Segment Start: Data for this task

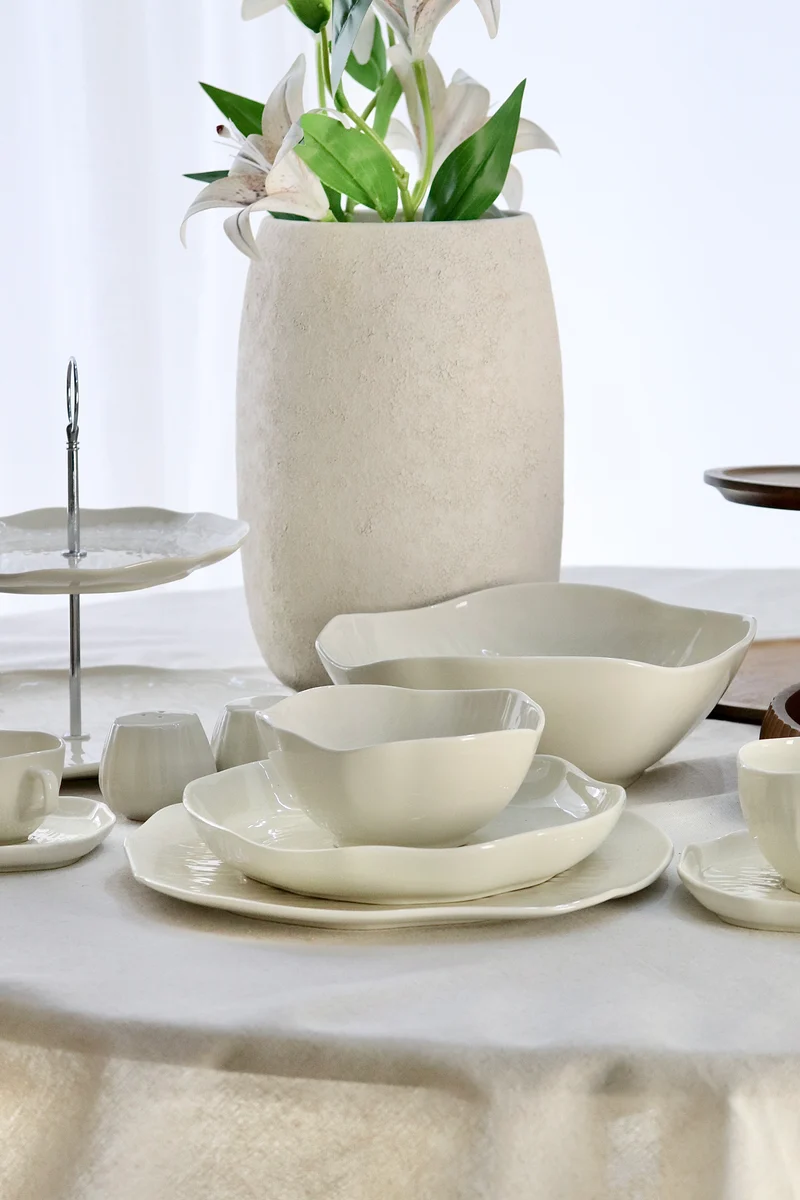 Cermico Beige 27 teiliges Tafelservice für 6 Personen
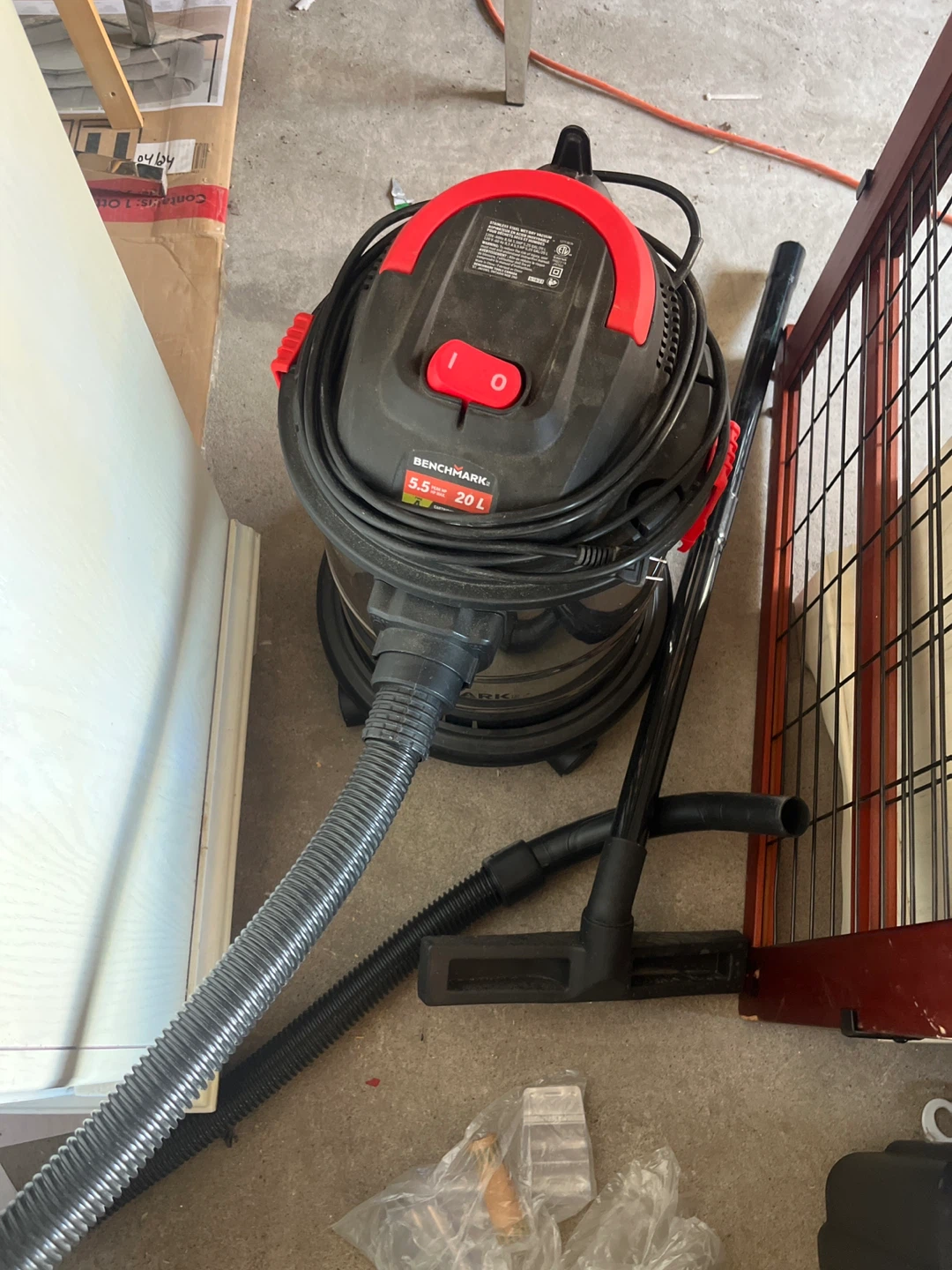 Benchmark Wet/Dry Vacuum 5.5 HP 20 L
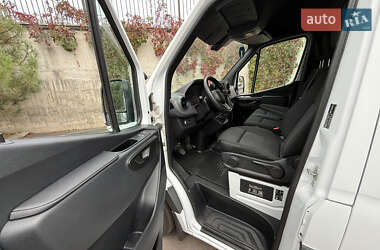 Грузовой фургон Mercedes-Benz Sprinter 2021 в 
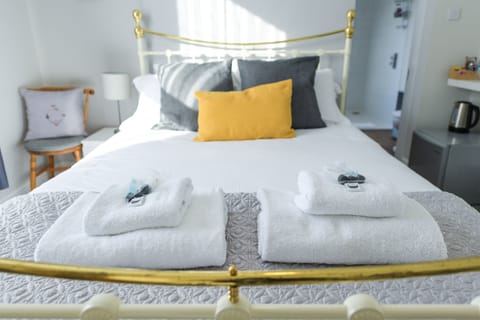 Standard Double Room, Ensuite (Elvaston)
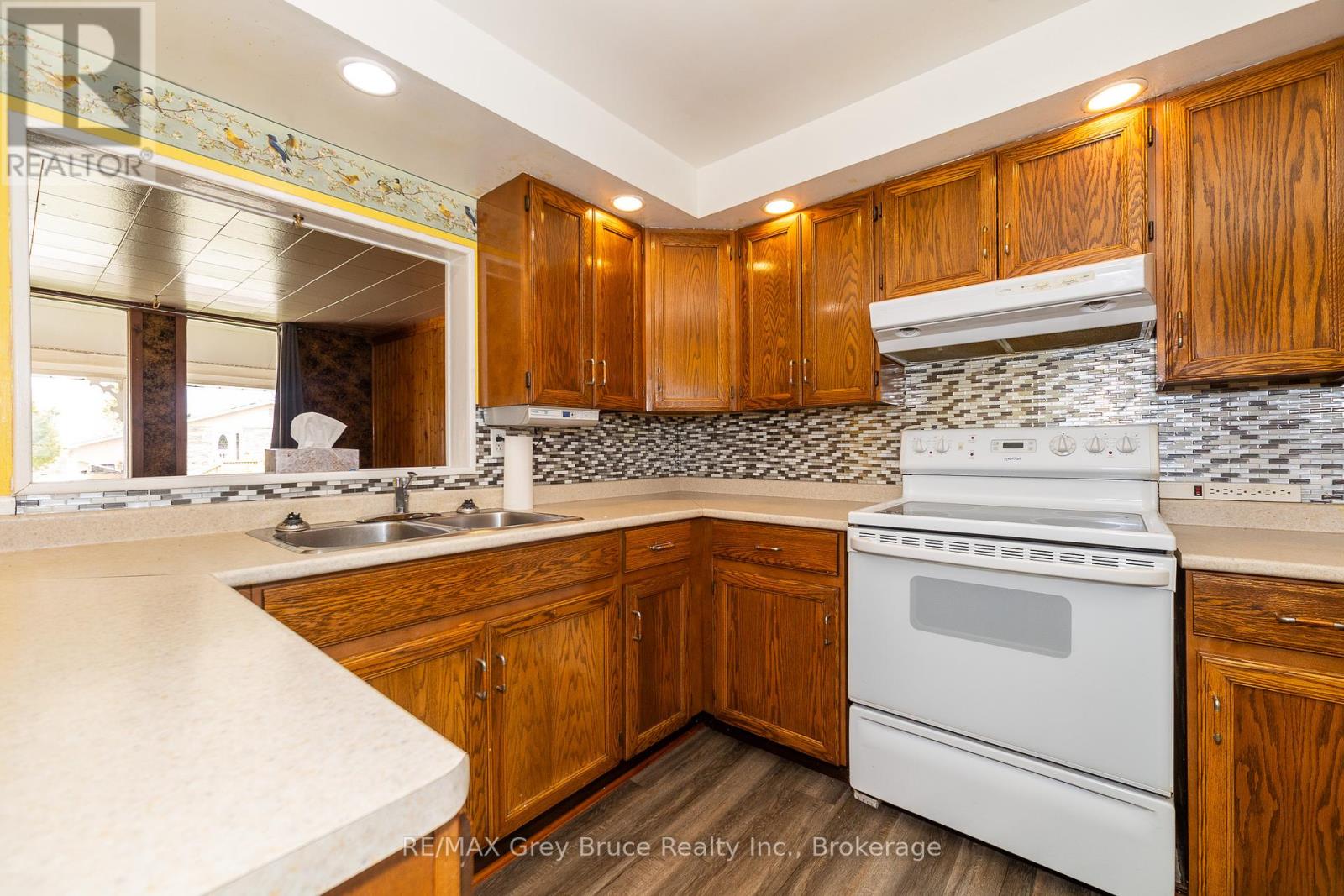 1881 6th Avenue E, Owen Sound, Ontario  N4K 2W1 - Photo 18 - X12132396
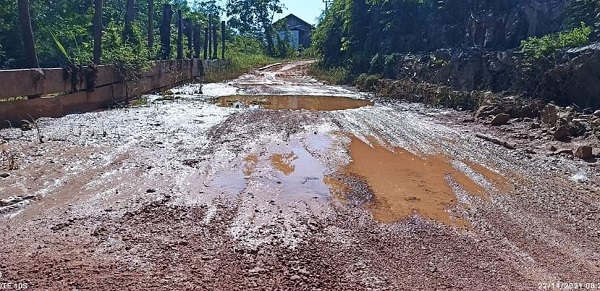 Jalan RT 01 Kotawaringin Hilir Memprihatinkan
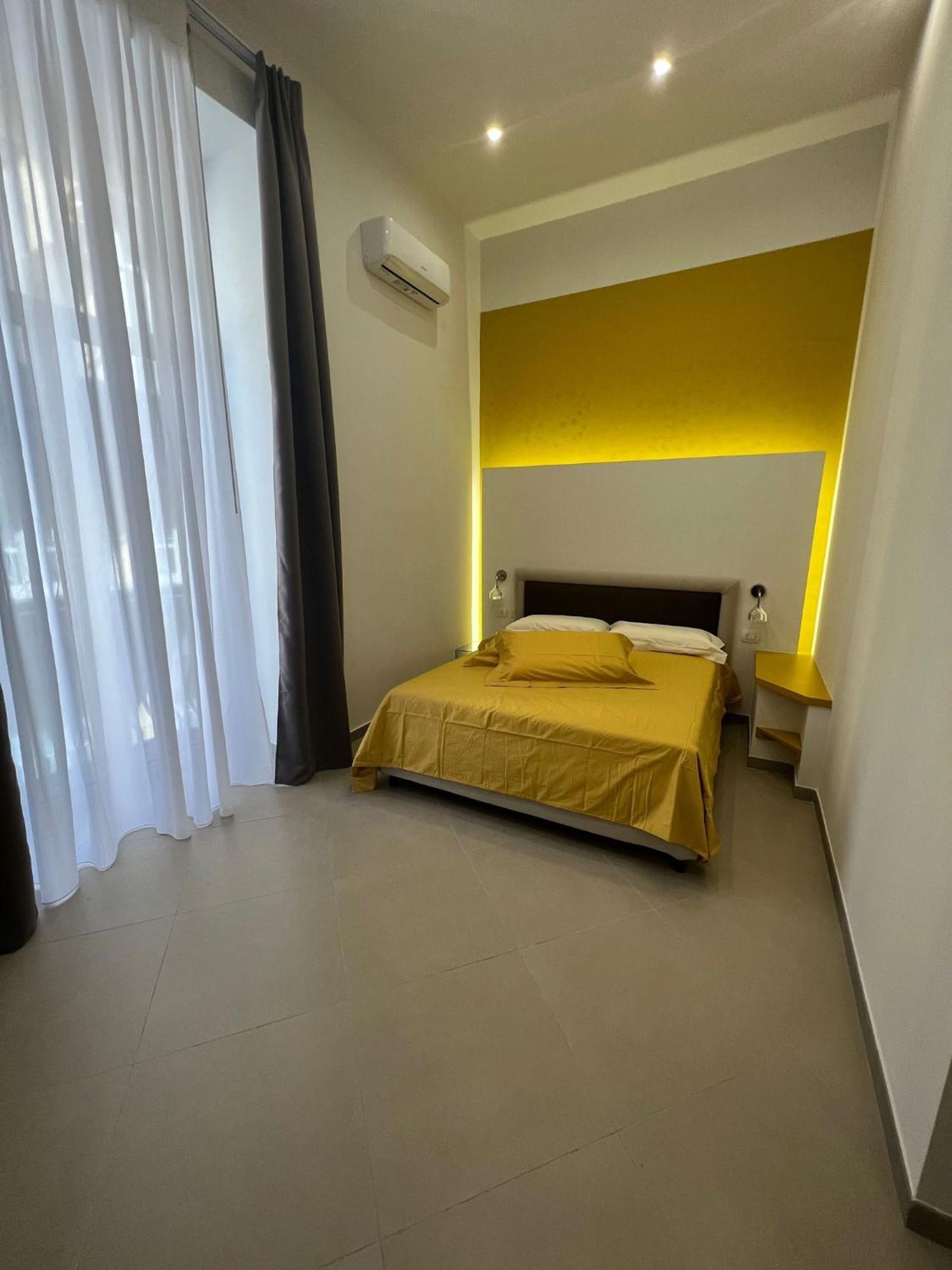 Hotel Dimora Chiaia 209 à Naples Extérieur photo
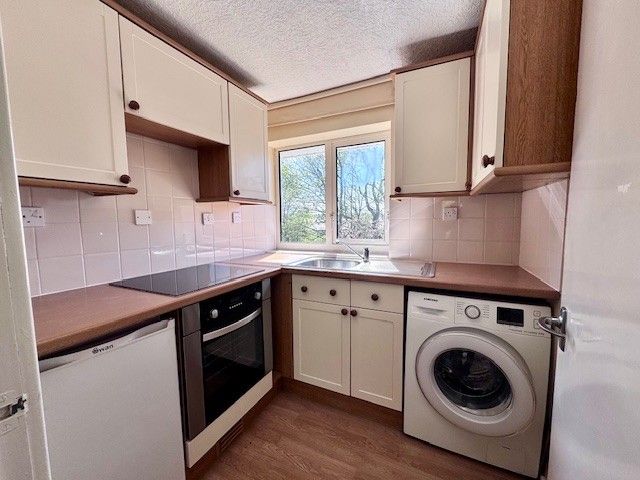 Property photo 2 of 7 Kitchen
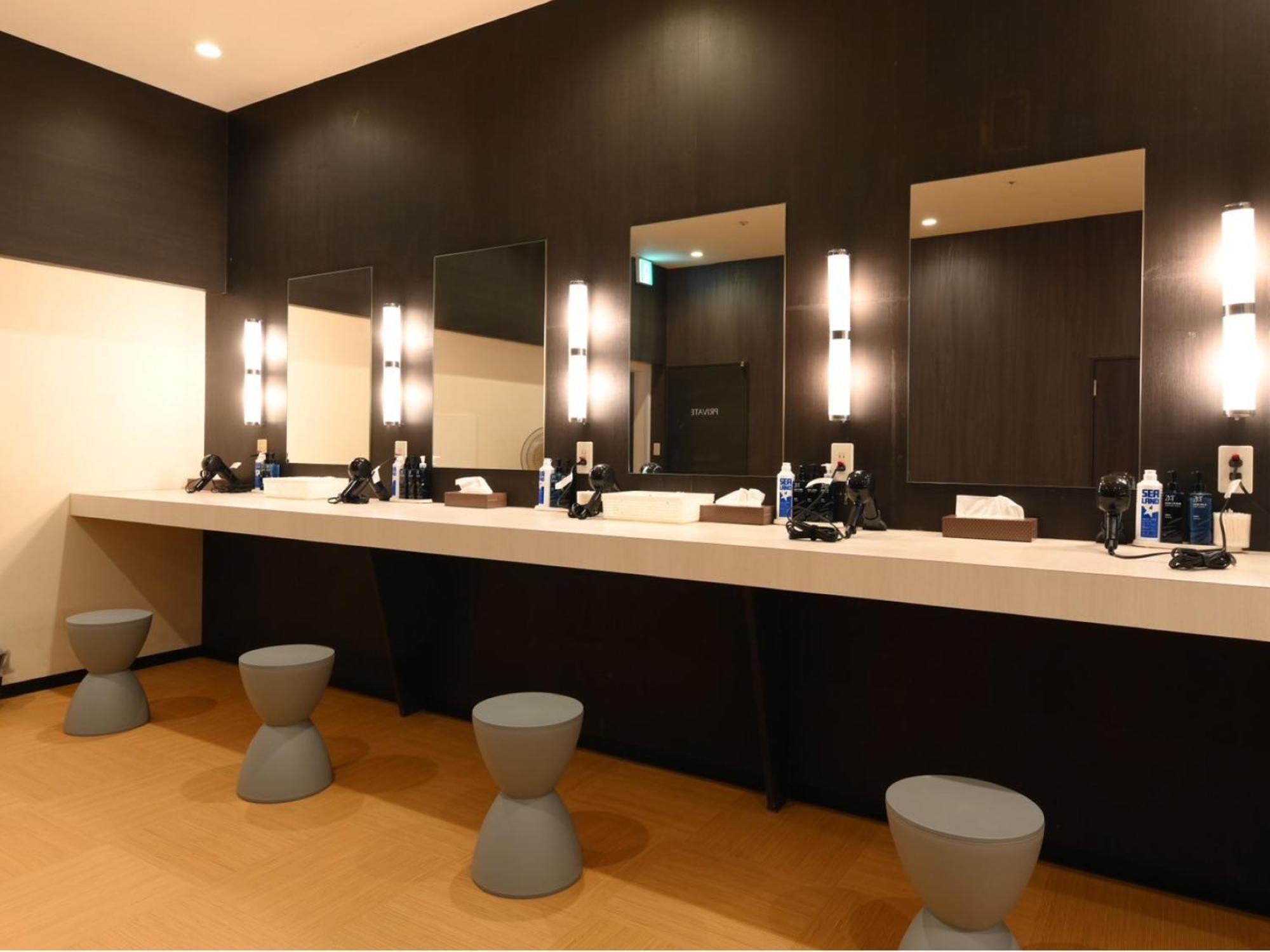 The Centurion Sauna Rest & Stay Sapporo Male Only ภายนอก รูปภาพ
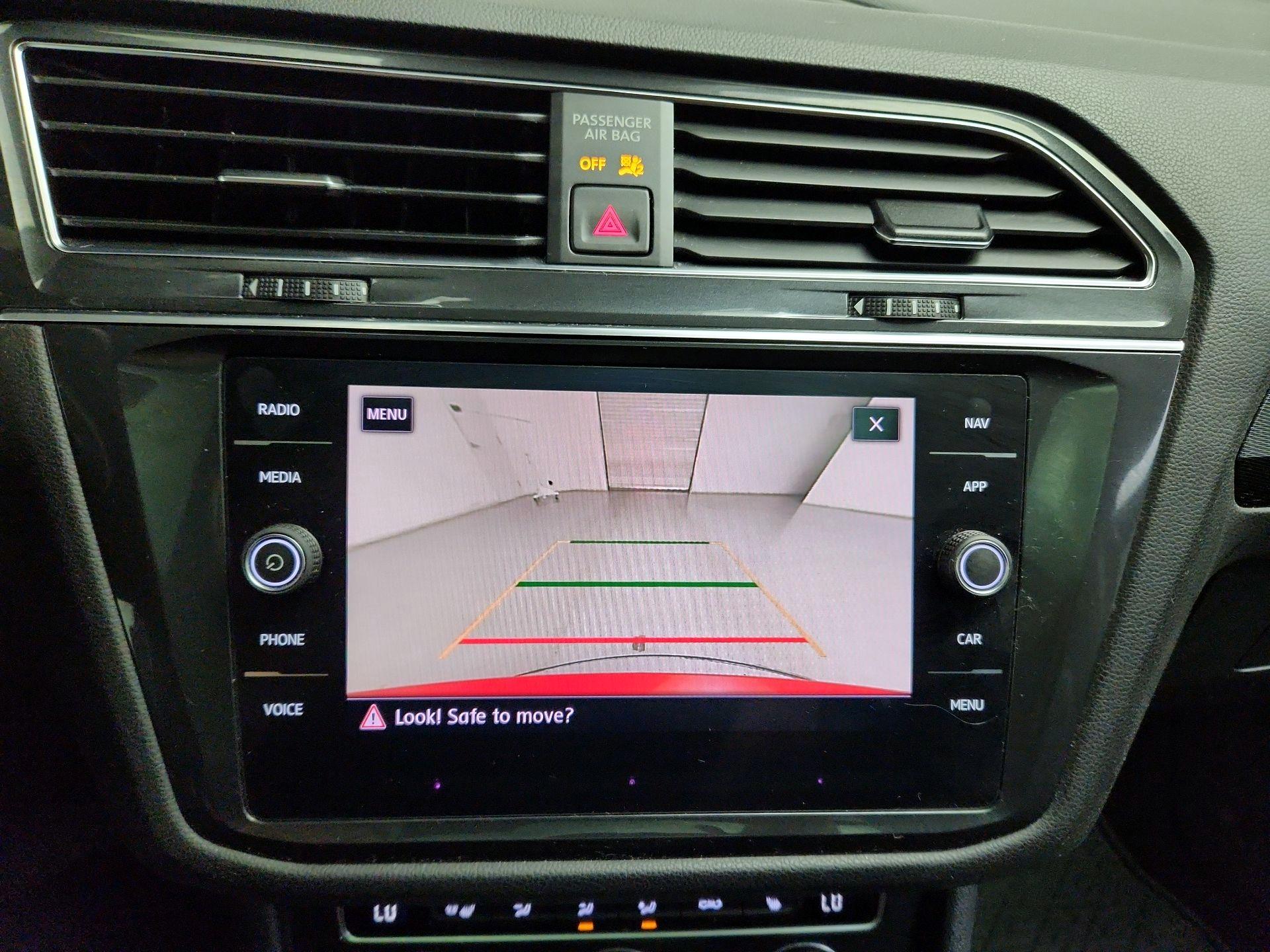 Thumbnail: 2019 Volkswagen Tiguan - 15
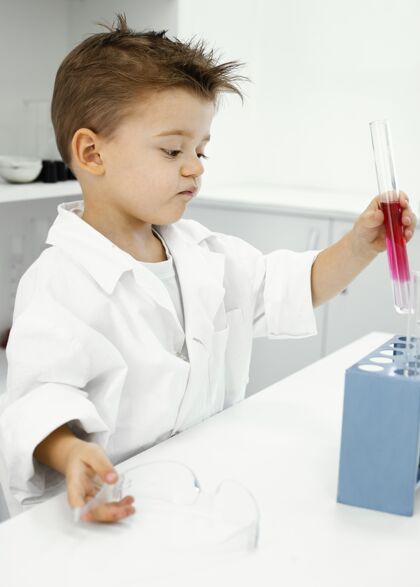 实验男孩科学家在实验室里拿着试管的侧视图青年教育化学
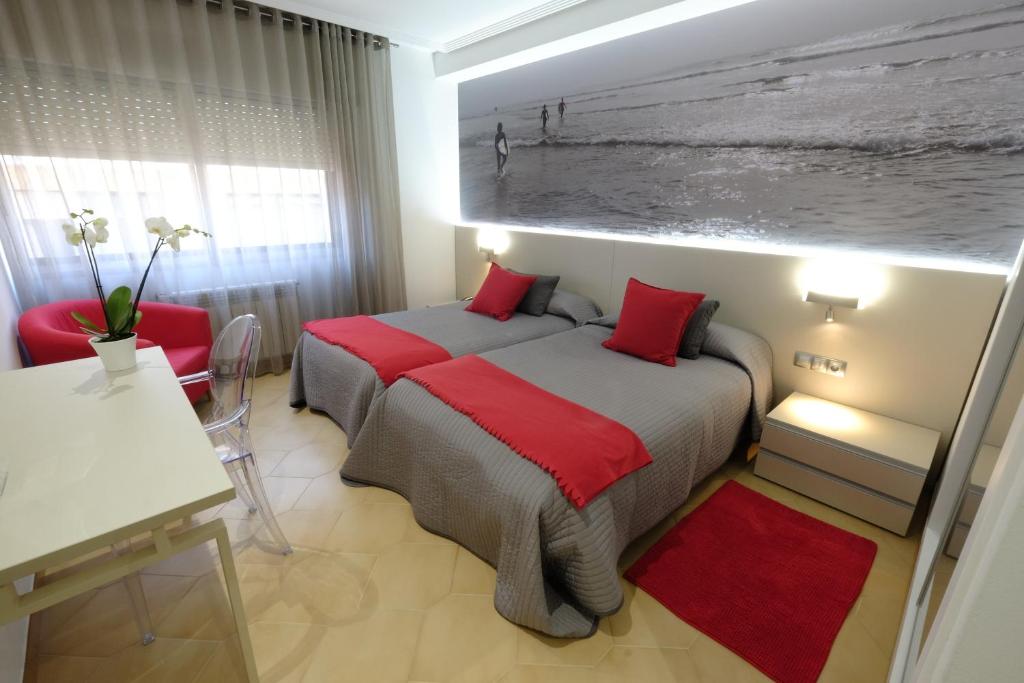 阿瓜尔达维拉德瓜达酒店的一间卧室配有红色枕头的床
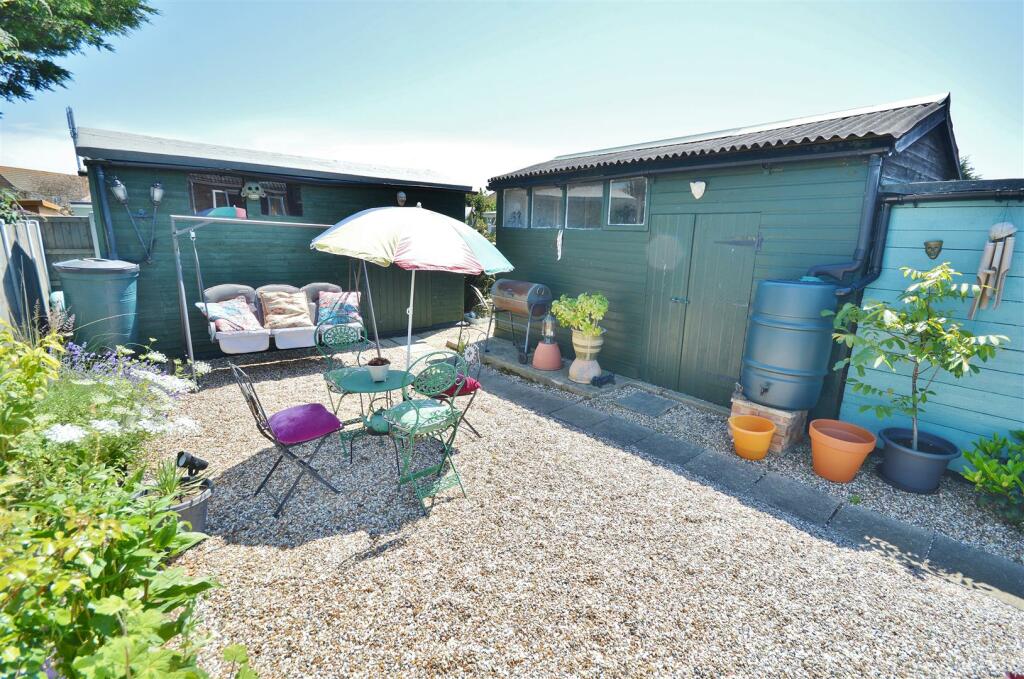 Additional property image - Ingarfield Road, Holland-On-Sea,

Segment End: Data for this task

Exercise -> Retype, exactly and only, the lines from the one containing "Property photo 2 of 7 Kitchen" through the end of the entries, both ends included, and omit all pictures.

Solution for this exercise ->
 Property photo 2 of 7 Kitchen
 The Centurion Sauna Rest & Stay Sapporo Male Only ภายนอก รูปภาพ
 Thumbnail: 2019 Volkswagen Tiguan - 15
 实验男孩科学家在实验室里拿着试管的侧视图青年教育化学
 阿瓜尔达维拉德瓜达酒店的一间卧室配有红色枕头的床
 Additional property image - Ingarfield Road, Holland-On-Sea,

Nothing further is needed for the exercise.